*** Opening of Information shown ***

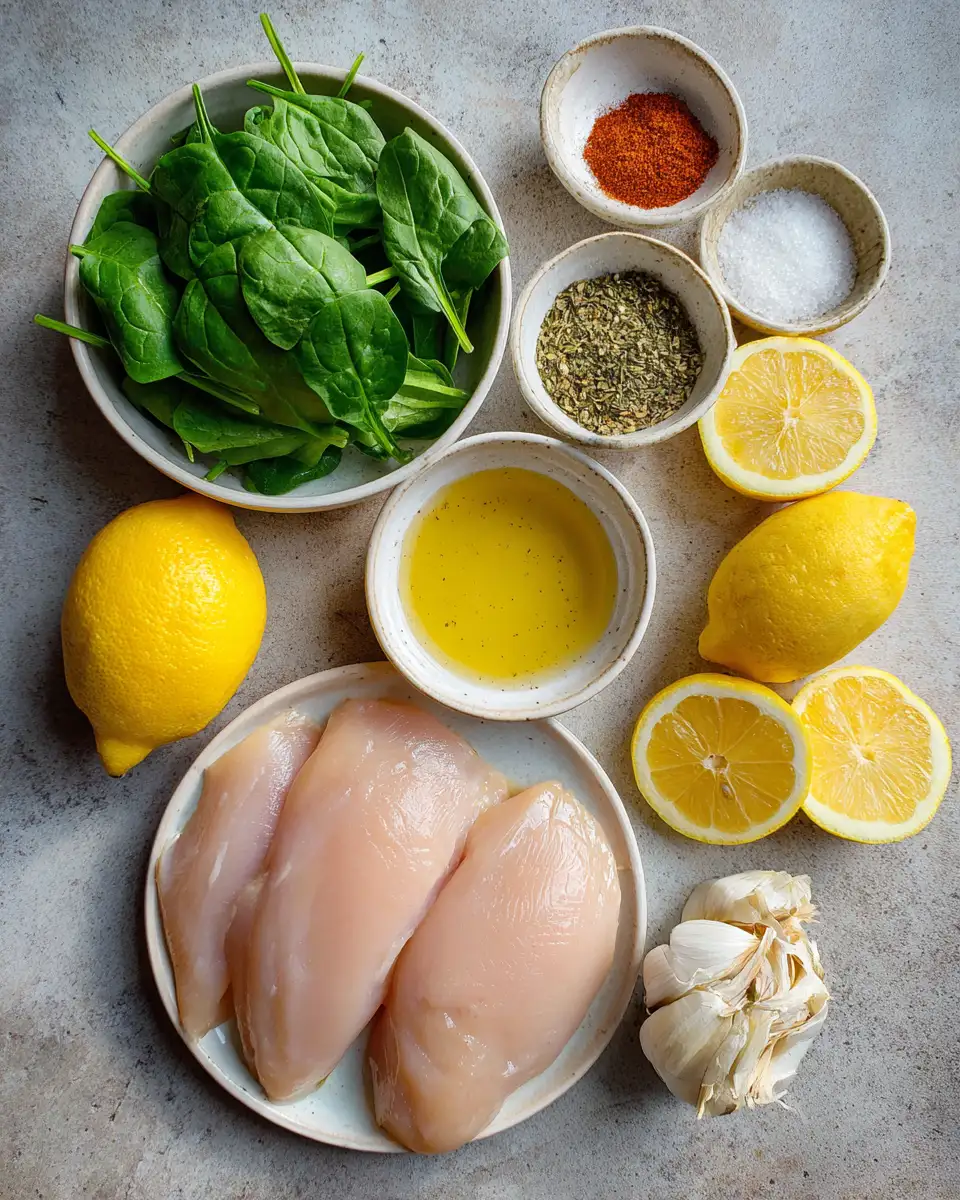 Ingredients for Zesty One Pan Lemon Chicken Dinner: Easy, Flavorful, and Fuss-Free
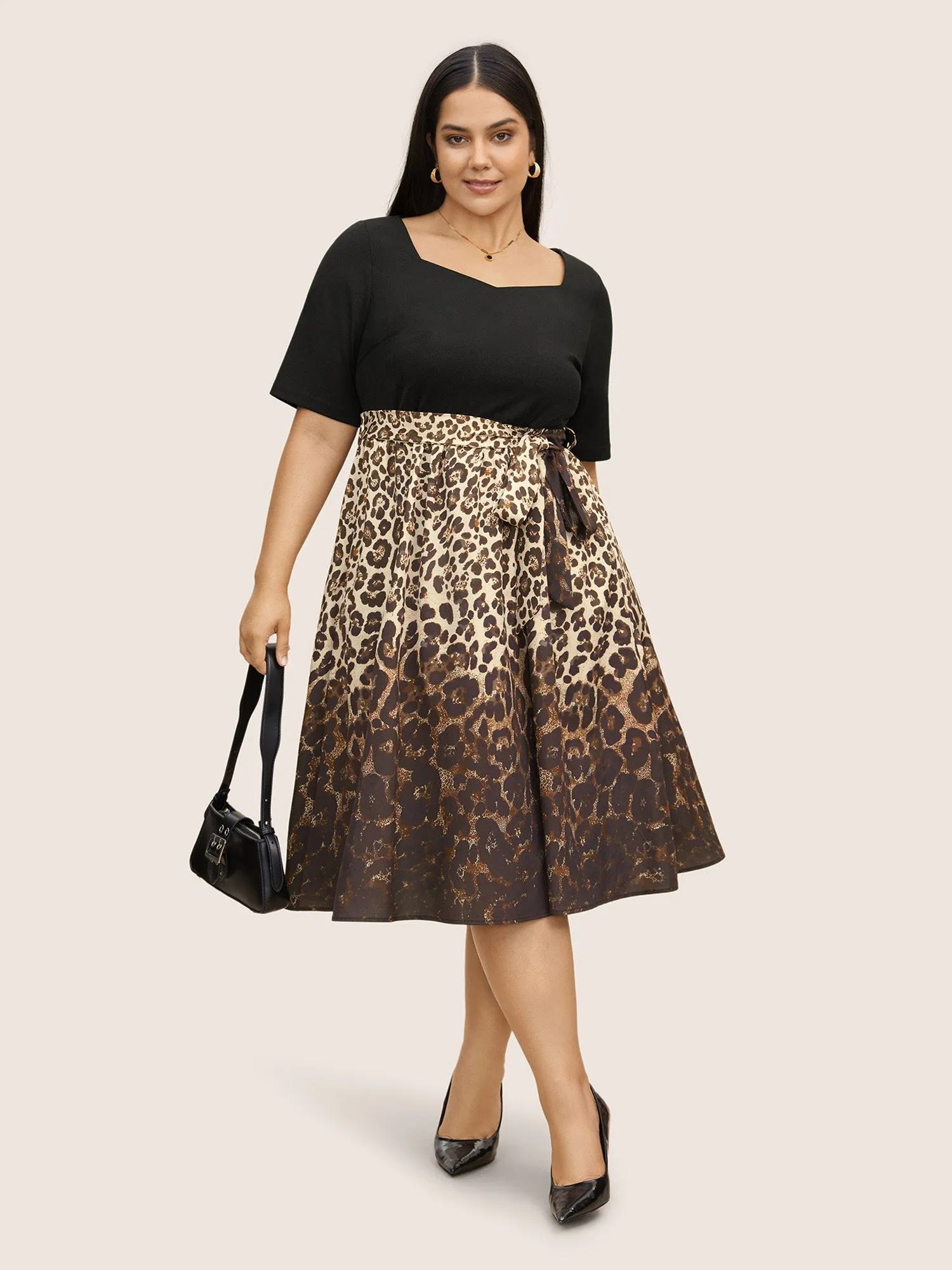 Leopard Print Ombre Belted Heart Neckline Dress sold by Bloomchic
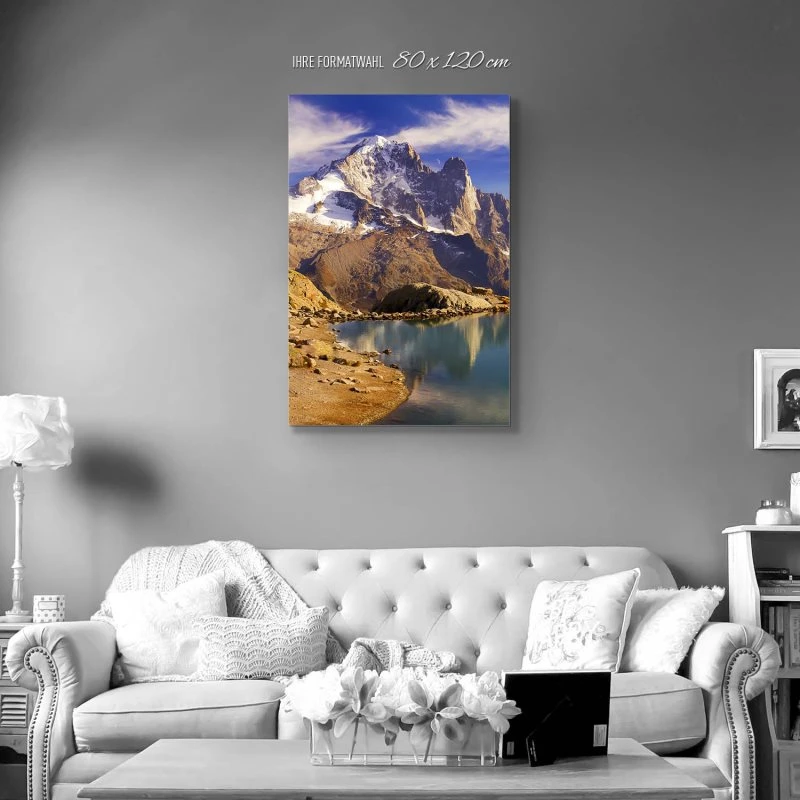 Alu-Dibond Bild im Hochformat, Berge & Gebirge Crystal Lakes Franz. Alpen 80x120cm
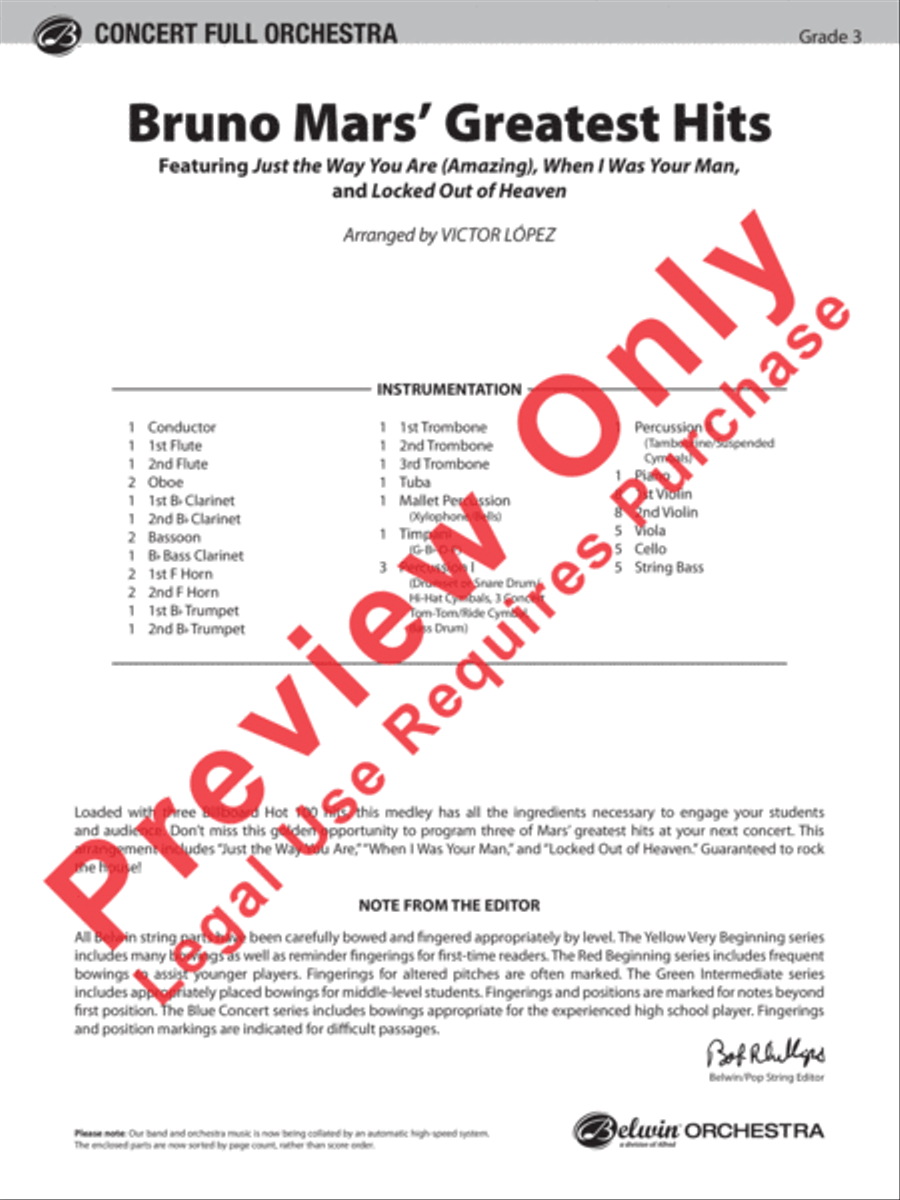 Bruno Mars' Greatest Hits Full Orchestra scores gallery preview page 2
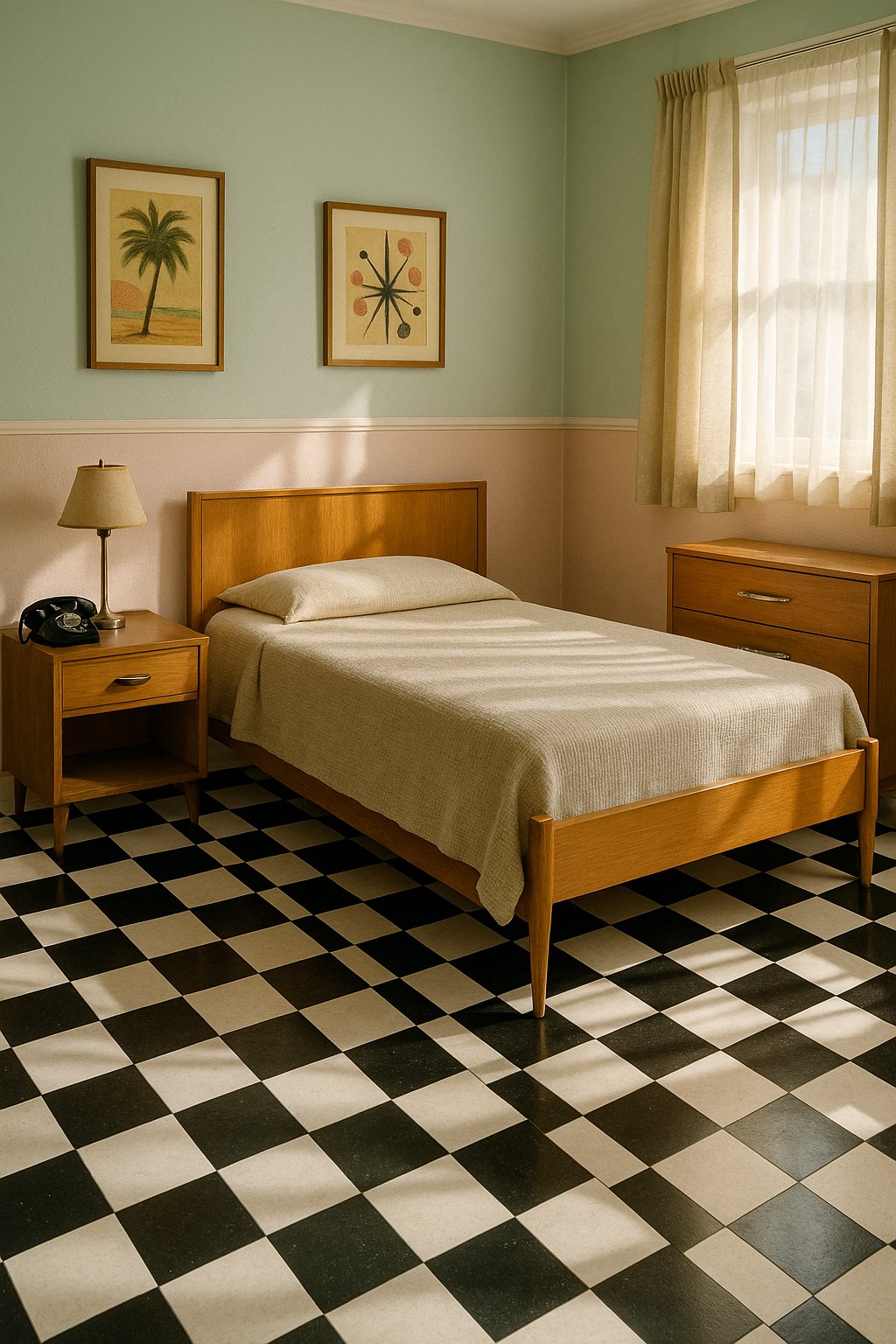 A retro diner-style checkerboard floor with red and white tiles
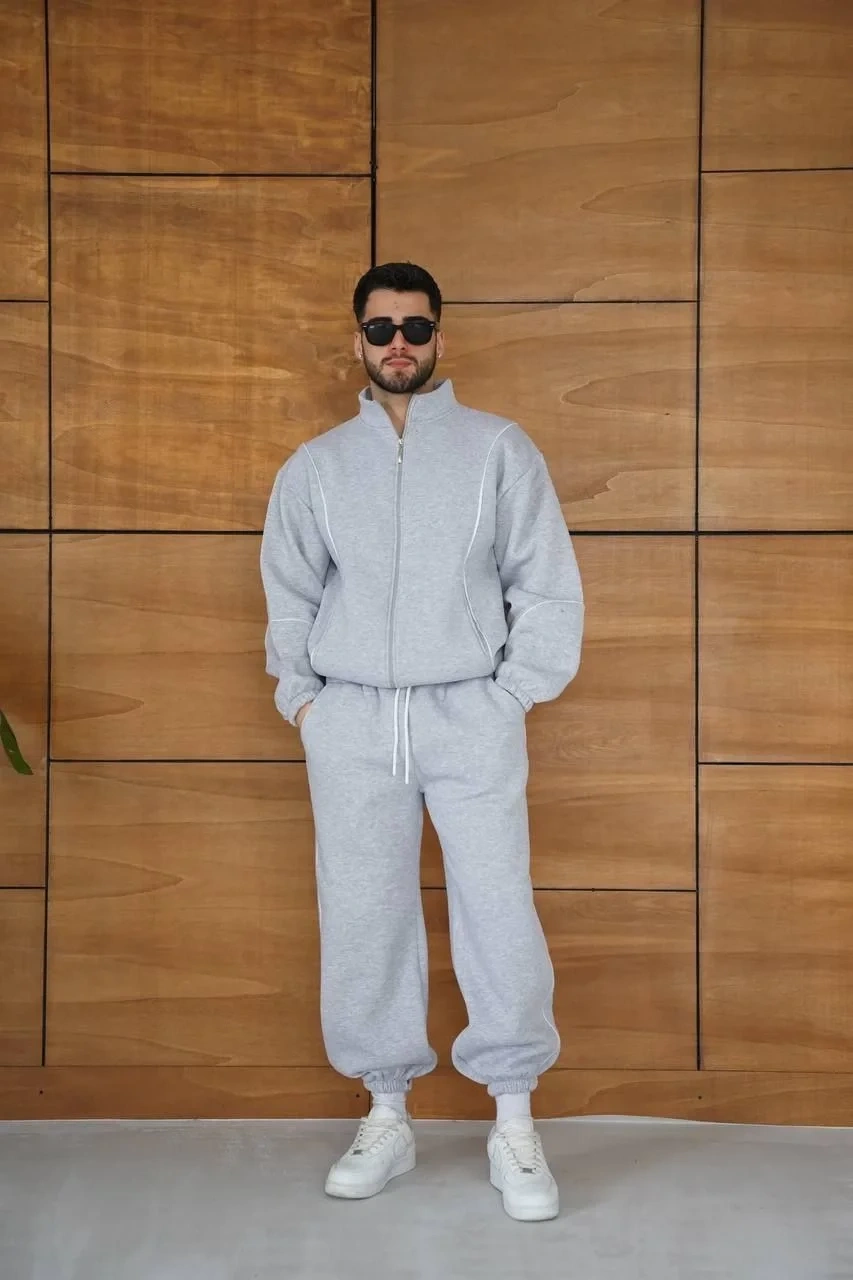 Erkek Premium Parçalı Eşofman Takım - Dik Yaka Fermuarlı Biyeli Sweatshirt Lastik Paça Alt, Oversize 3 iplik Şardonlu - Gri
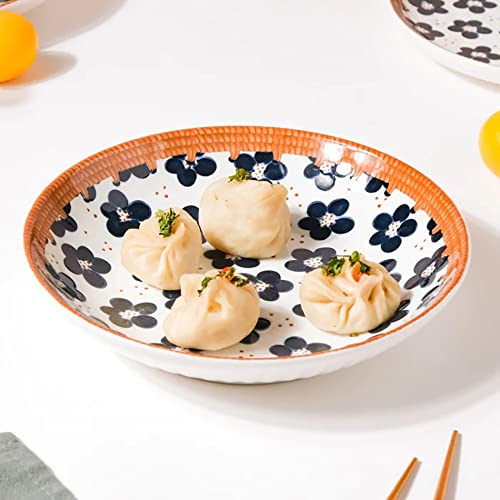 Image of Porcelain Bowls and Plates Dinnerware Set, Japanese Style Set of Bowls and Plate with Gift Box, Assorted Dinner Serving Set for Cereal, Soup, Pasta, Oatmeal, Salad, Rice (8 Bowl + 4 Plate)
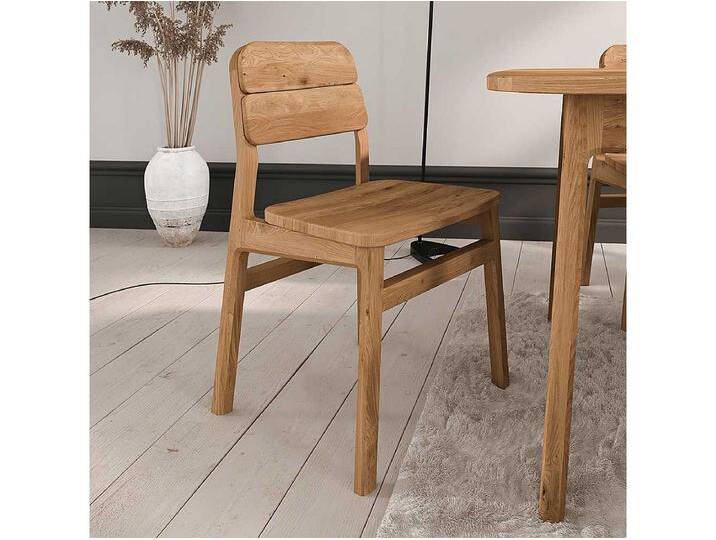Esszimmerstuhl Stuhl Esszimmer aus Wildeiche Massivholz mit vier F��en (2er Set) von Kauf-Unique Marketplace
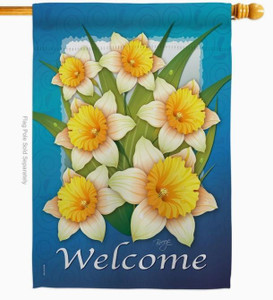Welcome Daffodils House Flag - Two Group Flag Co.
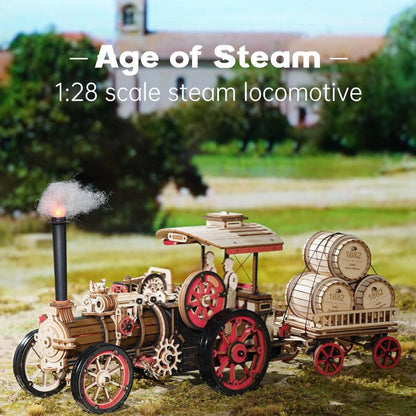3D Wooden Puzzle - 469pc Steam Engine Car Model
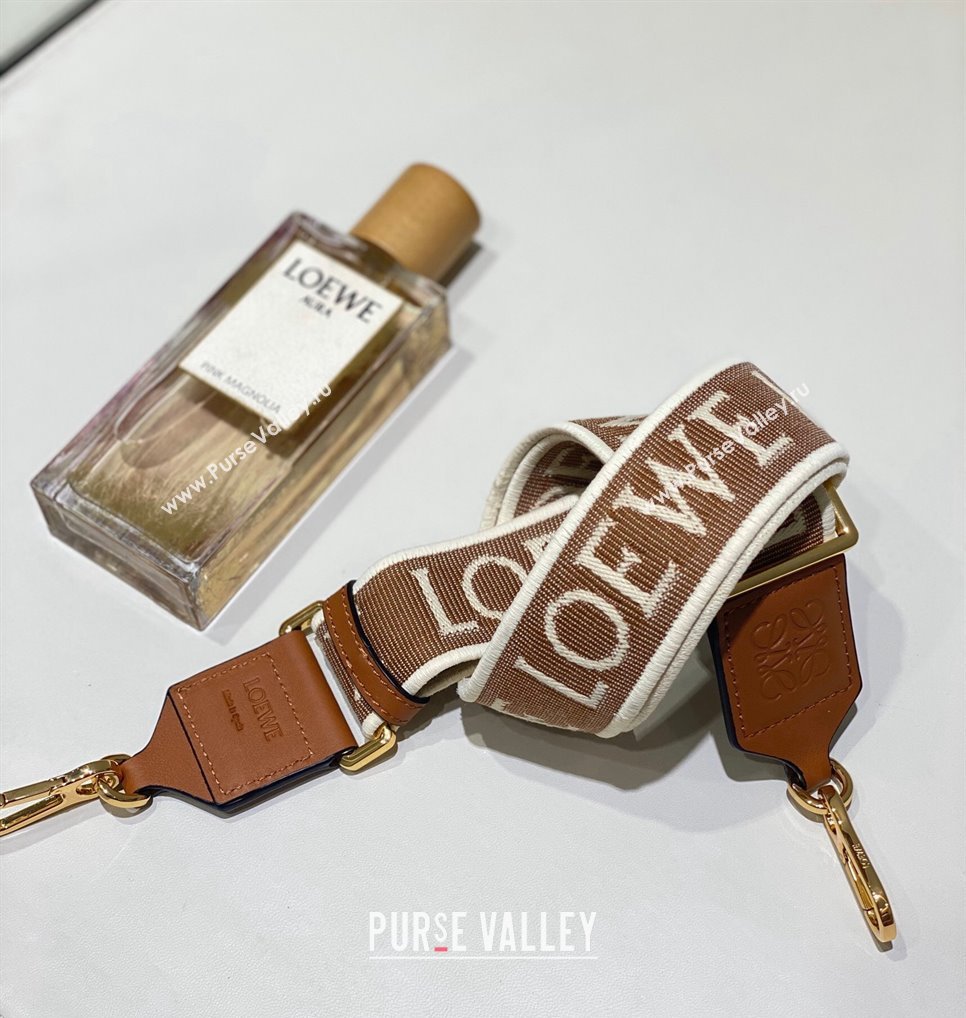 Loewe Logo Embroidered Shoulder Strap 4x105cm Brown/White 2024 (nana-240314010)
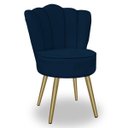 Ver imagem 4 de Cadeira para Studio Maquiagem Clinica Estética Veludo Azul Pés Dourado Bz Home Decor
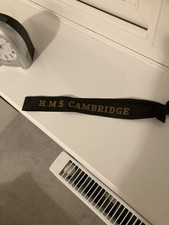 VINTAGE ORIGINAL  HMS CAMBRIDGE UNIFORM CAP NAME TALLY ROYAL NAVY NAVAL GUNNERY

*** Close of Information shown ***

Exercise requirements
Each entry above has to be set down again verbatim, except for its pictures.

Result for this exercise
 Ingredients for Zesty One Pan Lemon Chicken Dinner: Easy, Flavorful, and Fuss-Free
 Leopard Print Ombre Belted Heart Neckline Dress sold by Bloomchic
 Alu-Dibond Bild im Hochformat, Berge & Gebirge Crystal Lakes Franz. Alpen 80x120cm
 Bruno Mars' Greatest Hits Full Orchestra scores gallery preview page 2
 A retro diner-style checkerboard floor with red and white tiles
 Erkek Premium Parçalı Eşofman Takım - Dik Yaka Fermuarlı Biyeli Sweatshirt Lastik Paça Alt, Oversize 3 iplik Şardonlu - Gri
 Image of Porcelain Bowls and Plates Dinnerware Set, Japanese Style Set of Bowls and Plate with Gift Box, Assorted Dinner Serving Set for Cereal, Soup, Pasta, Oatmeal, Salad, Rice (8 Bowl + 4 Plate)
Esszimmerstuhl Stuhl Esszimmer aus Wildeiche Massivholz mit vier F��en (2er Set) von Kauf-Unique Marketplace
Welcome Daffodils House Flag - Two Group Flag Co.
3D Wooden Puzzle - 469pc Steam Engine Car Model
 Loewe Logo Embroidered Shoulder Strap 4x105cm Brown/White 2024 (nana-240314010)
 Ver imagem 4 de Cadeira para Studio Maquiagem Clinica Estética Veludo Azul Pés Dourado Bz Home Decor
 VINTAGE ORIGINAL  HMS CAMBRIDGE UNIFORM CAP NAME TALLY ROYAL NAVY NAVAL GUNNERY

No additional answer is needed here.